Again, there is little general data evaluating the prevalence of PE in lone COPD with typical infectious features, making screening for PE on initial presentation unsupported. Rutschmann and colleagues (2007) argue against systematic screening in the setting of COPD exacerbation due to their findings of low prevalence in all-comers. DVT prevalence though is suggested to be as high as 10% in all patients with COPD, and in conjunction with clinical suspicion, Doppler studies may be the appropriate first imaging study to obtain if there is concern for thromboembolic diagnosis particularly if respiratory symptoms are equivocal.

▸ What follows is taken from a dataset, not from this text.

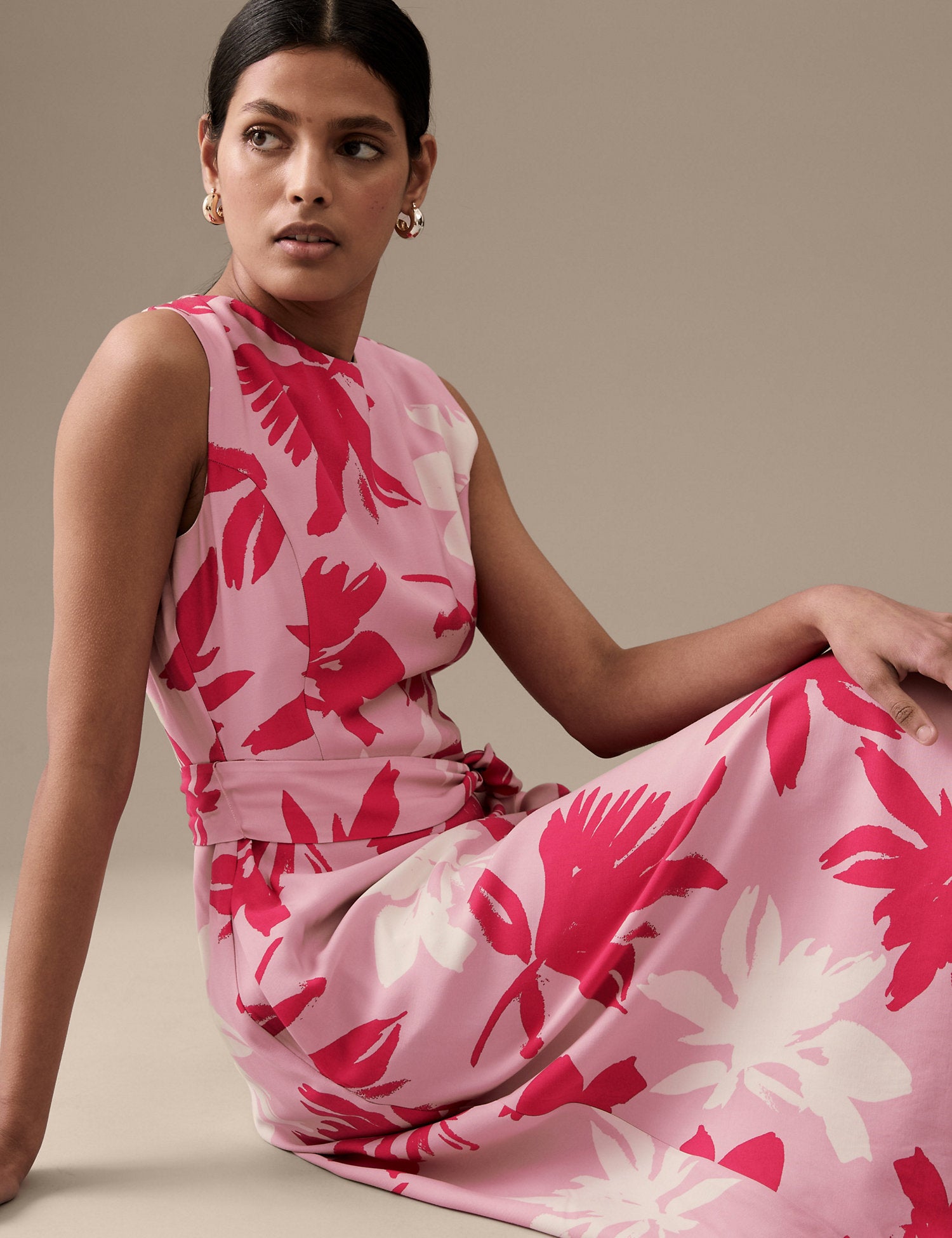 Printed Round Neck Midi Shift Dress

In summary, patients with COPD exacerbation appear to experience sub-massive PE at rates similar to all patients presenting with dyspnea, as well as a high clinical suspicion for thromboembolism. Review of diagnostic laboratory and imaging studies as described above suggests an algorithm that incorporates appropriate pretest probability, laboratory studies such as D-dimer with emphasis on Doppler ultrasonography and CT angiography over perfusion scanning. Diagnosis of PE in COPD exacerbation is diminished by clinical difficulty, but incorporating thromboembolism into the differential may mean improved outcomes in COPD patients presenting with dyspnea and occult emboli.